The swimbait is the most powerful big smallmouth bait Hahner has in his boat.
He often fishes the Alabama rig from early to mid pre-spawn, midsummer, and late fall. “Fish group up in deeper water during these periods and often suspend just off the bottom,” he says. The rig gives anglers the opportunity to show bass a school of bait rather than a single offering.
The 3-hook A-rig dismantles smallmouth for Hahner. “The late fall is, by far, my favorite time of the year to fish for giant smallmouths,” he says.
The cisco spawn is a prime, heavy feeding period of the year for all gamefish species. It takes place from the last week of October through early November, when water temperatures are in the mid-to-low ‘40s. At this point, smallmouths are congregating in their largest schools of the year and can be caught very easily.
Hit ‘em where they live
“This time of the year, I’m looking for rock structures adjacent to the basin where cisco have been living for most of the year. More specifically, I am looking for bars that top out around the 20-foot mark and are right in line with gravel banks which cisco use to spawn on. Smallmouths are able to anticipate prey movements and are looking to put on the feedbag for the upcoming winter. By far, this is the best time of the year to utilize swimbaits and, more specifically, the A-Rig.

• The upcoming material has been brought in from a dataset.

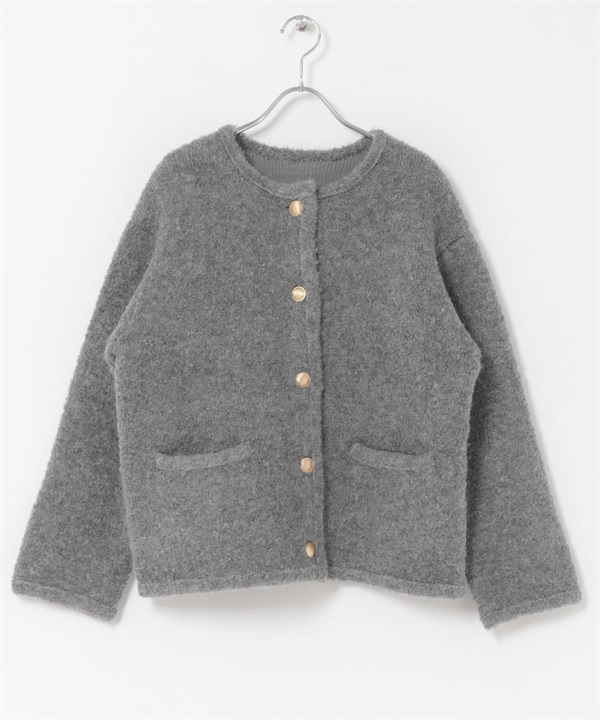 混羊毛圈圈紗針織外套(灰色-FREE-GRAY)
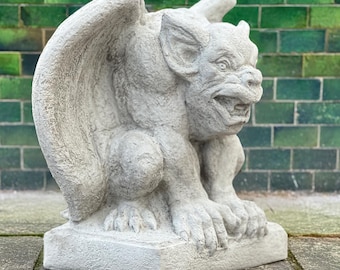 Massive gargoyle statue Concrete gothic gargoyle sculpture Stone demon figurine Outdoor monster ornament Front door decor Monster lover gift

The A-Rig is the perfect mimic of a school of ciscoes following structure to move into their spawning grounds,” he concludes.
In Hahner’s opinion, the rig works best with a chop or overcast conditions because of its gaudy wires. These factors help hide the rig and create a better illusion for the fish.
“The A-Rig creates the perfect illusion of a small pod of bait that has broken off of the larger school. It has a greater draw power than a single bait which makes it an excellent choice when fishing for suspended deep-water fish. I prefer to fish this bait on a very slow, steady retrieve with sudden, fast turns of the reel handle to cause the bait to flare and pulse. Smallmouths have a tendency to follow this bait until they see a sign of weakness. An abrupt burst of speed during a slow-crawling retrieve often is the trigger needed to create frenzy in a school of following smallmouths,” he elaborates.
Rigging for results
Hahner rigs the bait with five natural-colored swimbaits that are 3-to 4-inches long on three ¼-ounce swimbait heads and two hookless dummy swimbaits to stay within Wisconsin Law.
His swimbait selection varies, letting the smallmouths dictate his choice. “If the fish are active, I like a 3.8-inch or 4.8-inch Keitech Fat or a Big Bite Baits 3.5-inch suicide shad,” he says.
Both baits have a hard-kicking action and work best for him in warmer water or when weather conditions like wind, overcast, or an incoming front allow it.
“When the water is cold or fish are in a neutral or negative mood, I prefer a Damiki anchovy shad, Keitech 2.8-inch Fat, or a Keitech 4-inch Easy Shiner. All these baits have a more subtle action and work best for me when dealing with cold water or postfrontal conditions,” he says.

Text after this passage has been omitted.